Same here, did not catch half of what was decided.


----------



## Tugg (Jul 28, 2013)

There were quite a few side conversations going on. 

Here are the key items:

*Election Results:* In short, Alex is the Pres still. Mike is on as the VP. Tanya and I are swapping and better defining our two roles. As soon as I deposit and provider her the records, she'll handle the money and members list as Treasurer. This way I can take up the Secretary role and focus on the meetings' minutes, the website, and that stuff. I'm already a mod here, so that just made the most sense. Plus, I'm plugged into the Internet just about as much as a human can currently get.

*Meetings:* We'll be doing 8 meetings instead of 12.

Don't take the following as exact or complete; further details will come later. It's as best as I can remember. Alex has the notes and the other board members will be discussing/planning. When we have a finalized schedule I will update it HERE.

There will be no February meeting. In March we will join TCA with the Swap meet. DFWAPC will host a table or two. We have plans to do presentations on fertilization and plant deficiencies. A tour of Universal Rocks was mentioned. Sometime in the summer we'll get the pleasure of touring Michael's backyard ponds collection.
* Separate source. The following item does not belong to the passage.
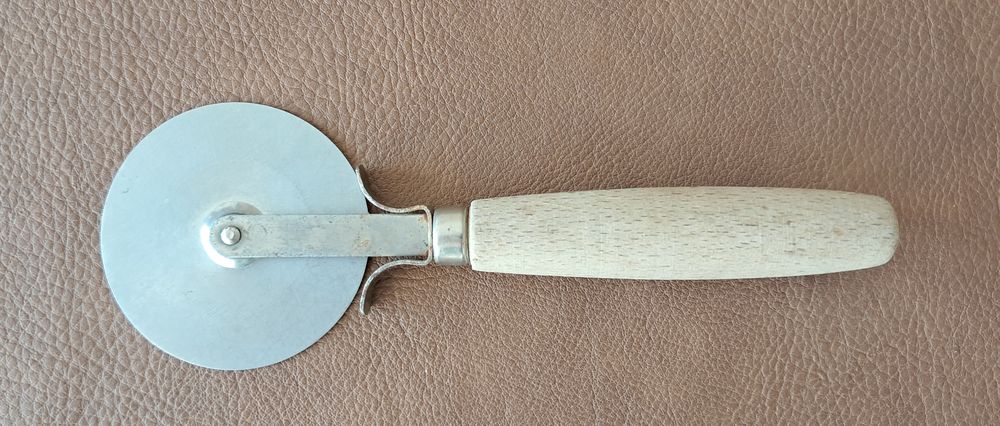 lot de 2 roulette &agrave; p&acirc;tes pizza en inox et manche en bois 
Cuisine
We are also planning for some possible tank competitions, with possible categories of: Low Light, High Tech, Walstad/El Natural, and 1g-3g pico. There will be no Nov. meeting, instead we'll meet early in Dec for a party and the 2016 elections. We'll, likely be partnering up with TCA for some collaborative socializing for this.  I would love to also do a "Virtual Road Show". We could get a bunch of video interviews and tank shots of the people that live too far out or simply can't host. Then at a meeting we could check out these remote gems.

*Ideas:* We are ALWAYS looking for topic ideas or other means to improve the club and the experience of being a member. PLEASE :hail: tell us what you like... also tell us what you don't like.


----------



## Michael (Jul 20, 2010)

A quick correction, Mike Herrod will be vice-president.


----------



## Tex Gal (Nov 1, 2007)

Sorry I missed it. Got sick last week. Sounds like you had a great meeting!


----------



## alexopolus (Jan 18, 2010)

Tugg said:


> There were quite a few side conversations going on.
> 
> Here are the key items:
> 
> ...


Brian, why don't you move your post to a new thread? Later on when I have time to sit on my desk I will add more things to it.


----------



## Tugg (Jul 28, 2013)

i've posted the new thread:
http://www.aquaticplantcentral.com/...322-dallas-fort-worth-aquatic-plant-club.html

If anyone has anything to discuss that's specific to the Jan meeting, feel free to post it here. Anything to do with planning the 2015 year, please take the LINK.


----------